Every line of the material needs an exact copy, apart from the images.

◆ **Given data**
———

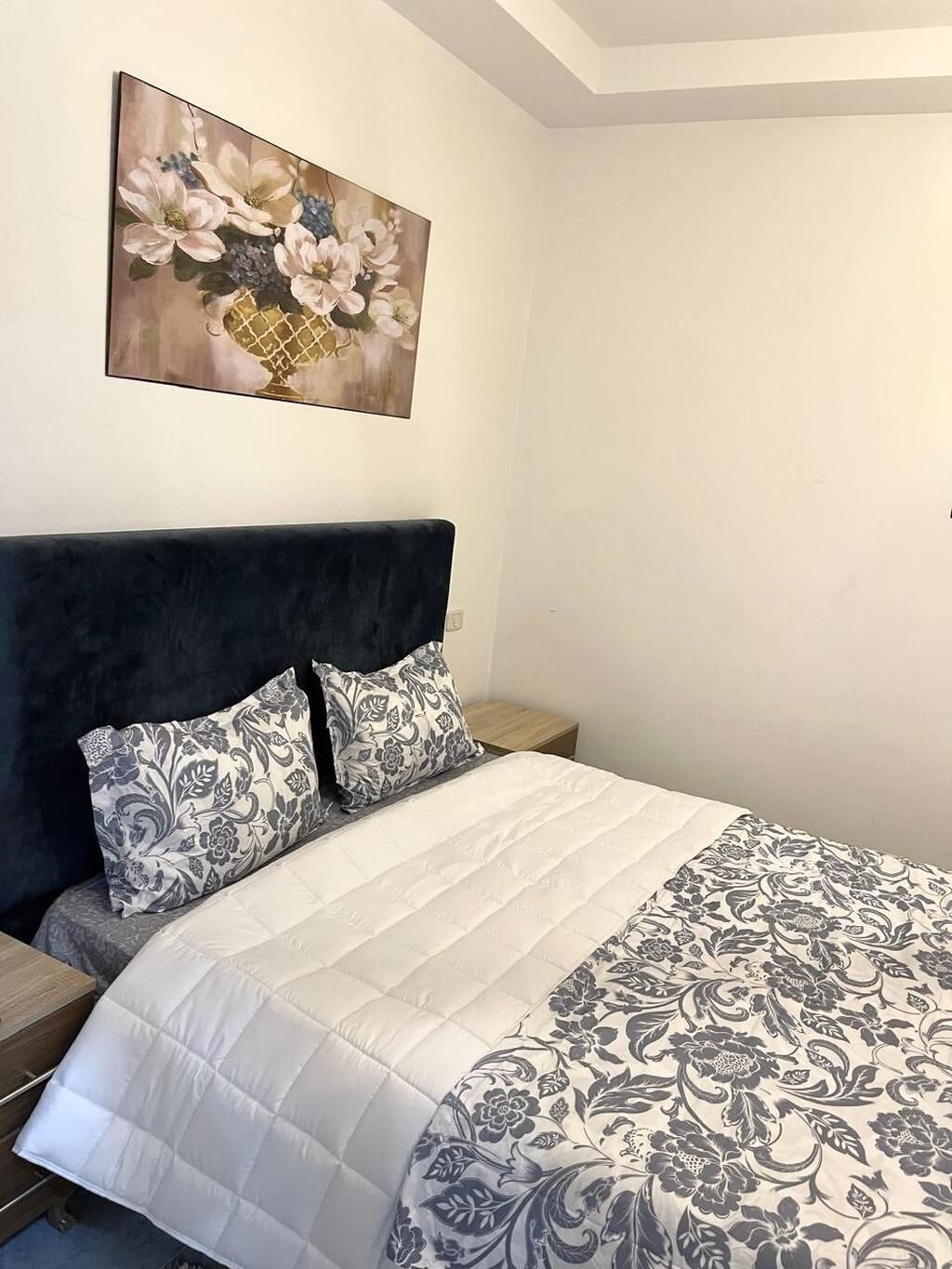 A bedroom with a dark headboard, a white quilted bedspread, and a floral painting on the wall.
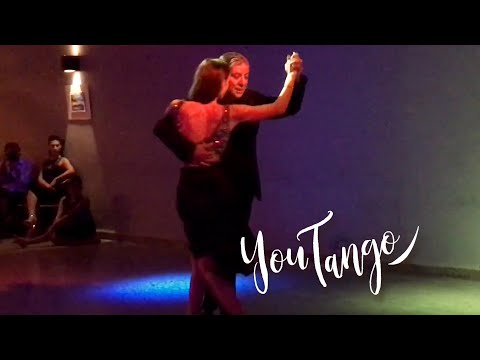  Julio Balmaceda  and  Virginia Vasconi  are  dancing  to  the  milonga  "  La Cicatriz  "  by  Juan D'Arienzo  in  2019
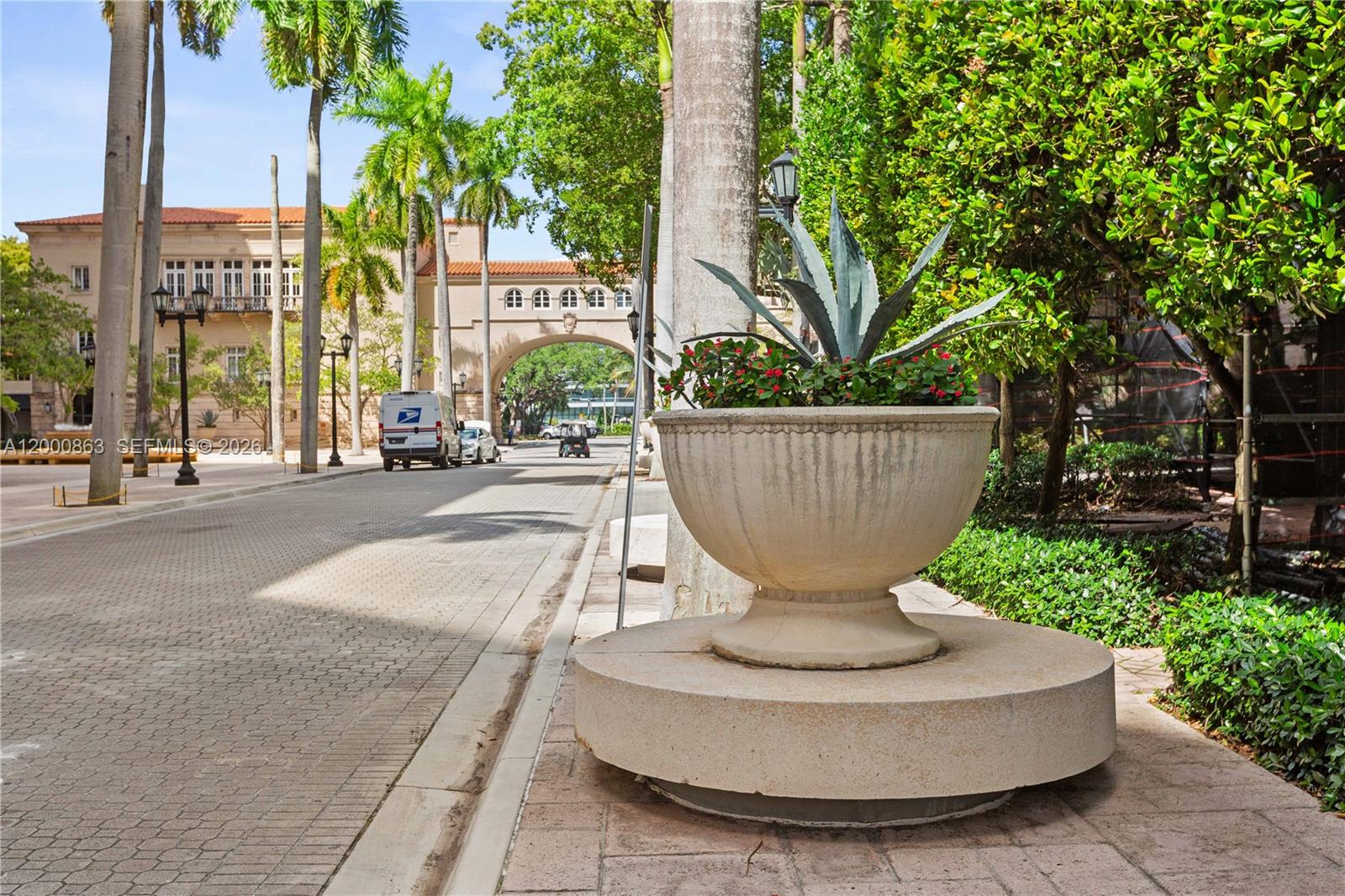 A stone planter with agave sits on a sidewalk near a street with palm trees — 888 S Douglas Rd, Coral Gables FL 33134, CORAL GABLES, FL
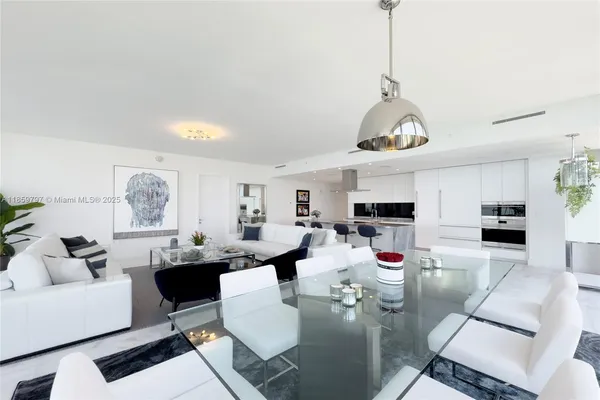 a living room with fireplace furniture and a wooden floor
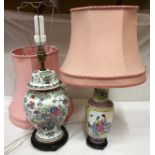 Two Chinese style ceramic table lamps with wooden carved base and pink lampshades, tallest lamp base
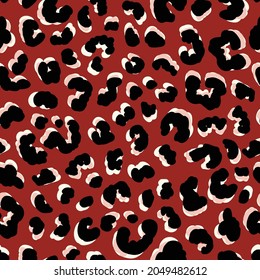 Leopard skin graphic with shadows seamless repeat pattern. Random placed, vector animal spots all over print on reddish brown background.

———

◆ **Response area**
 A bedroom with a dark headboard, a white quilted bedspread, and a floral painting on the wall.
  Julio Balmaceda  and  Virginia Vasconi  are  dancing  to  the  milonga  "  La Cicatriz  "  by  Juan D'Arienzo  in  2019
 A stone planter with agave sits on a sidewalk near a street with palm trees — 888 S Douglas Rd, Coral Gables FL 33134, CORAL GABLES, FL
 a living room with fireplace furniture and a wooden floor
 Two Chinese style ceramic table lamps with wooden carved base and pink lampshades, tallest lamp base
 Leopard skin graphic with shadows seamless repeat pattern. Random placed, vector animal spots all over print on reddish brown background.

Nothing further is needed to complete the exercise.